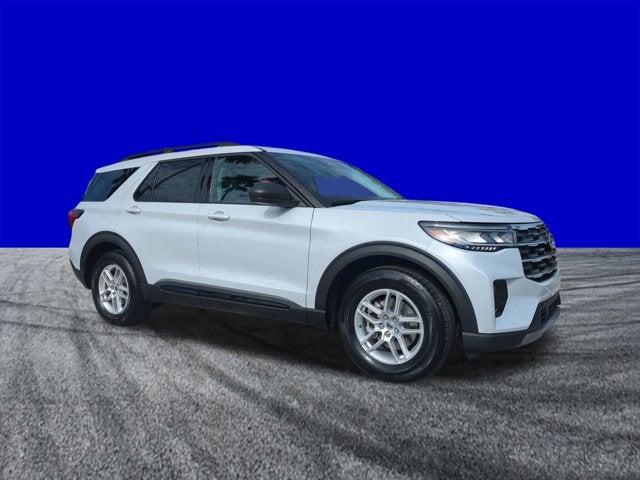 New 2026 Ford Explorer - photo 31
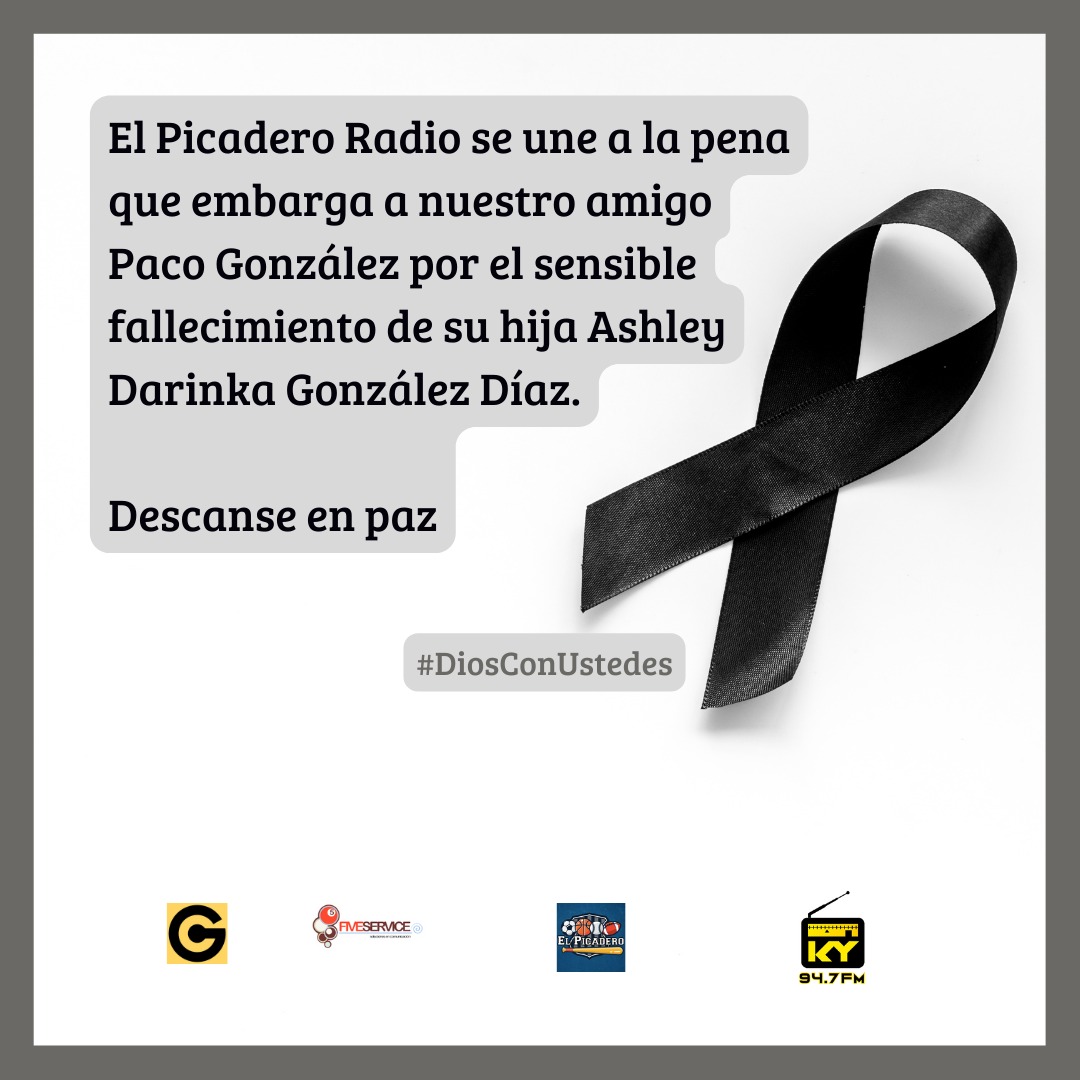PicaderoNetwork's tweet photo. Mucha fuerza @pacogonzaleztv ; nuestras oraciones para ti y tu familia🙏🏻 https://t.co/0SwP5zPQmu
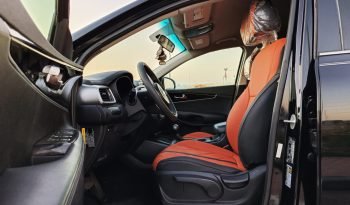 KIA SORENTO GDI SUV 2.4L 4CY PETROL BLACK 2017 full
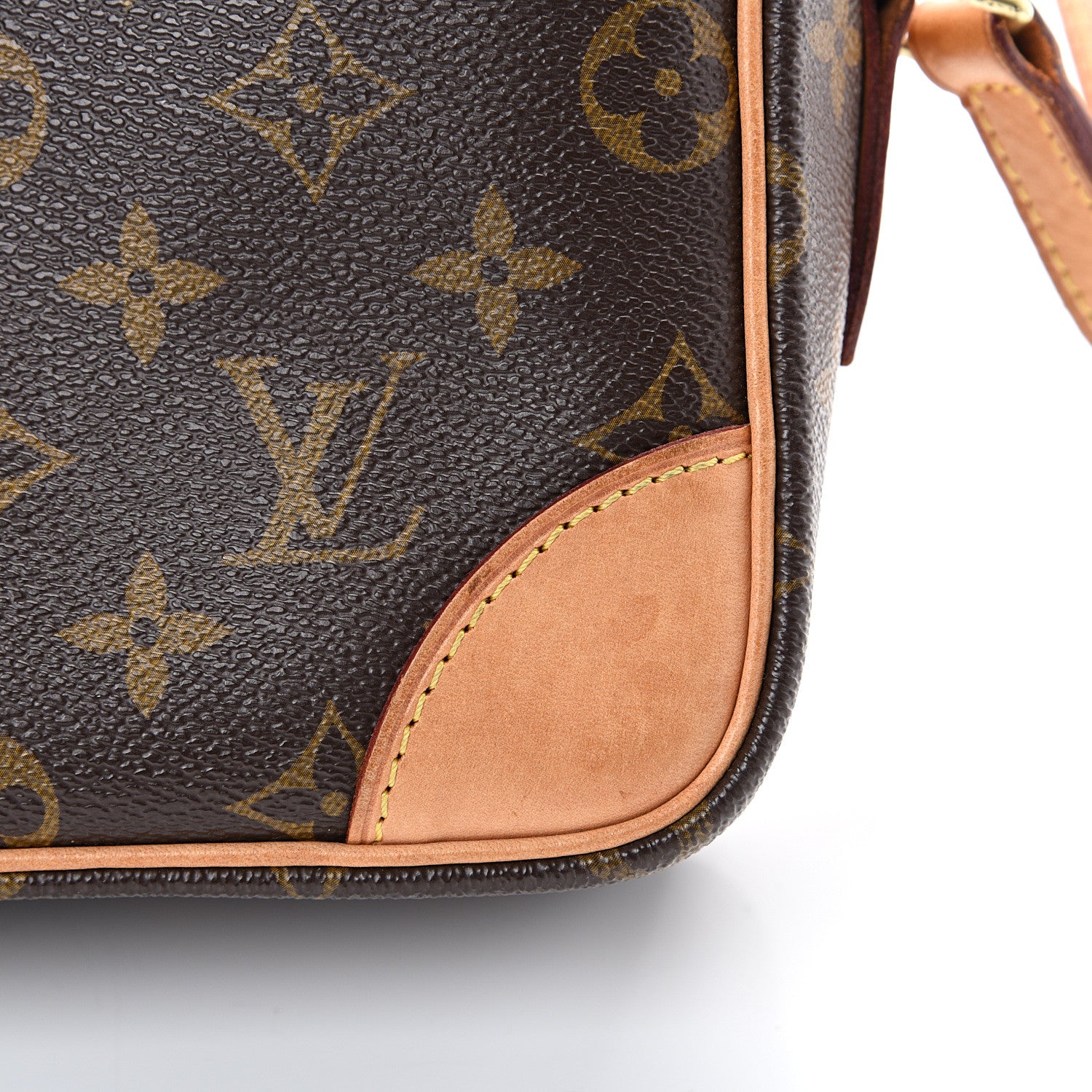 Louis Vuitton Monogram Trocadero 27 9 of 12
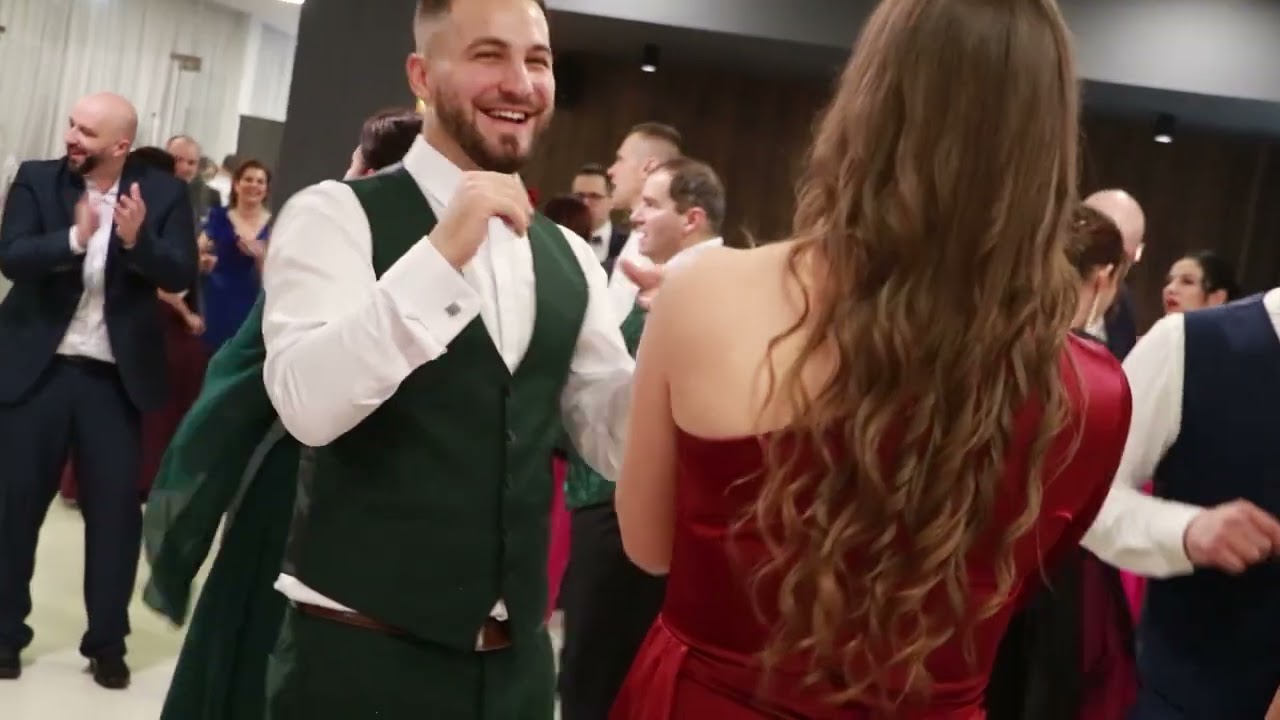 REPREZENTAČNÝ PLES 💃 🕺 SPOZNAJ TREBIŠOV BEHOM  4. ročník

--

● **EXERCISE DIRECTIONS**
Restate the records in full and word for word, but keep the pictures out.

● **SOLVED PROBLEM**
 New 2026 Ford Explorer - photo 31
PicaderoNetwork's tweet photo. Mucha fuerza @pacogonzaleztv ; nuestras oraciones para ti y tu familia🙏🏻 https://t.co/0SwP5zPQmu
 KIA SORENTO GDI SUV 2.4L 4CY PETROL BLACK 2017 full
 Louis Vuitton Monogram Trocadero 27 9 of 12
 REPREZENTAČNÝ PLES 💃 🕺 SPOZNAJ TREBIŠOV BEHOM  4. ročník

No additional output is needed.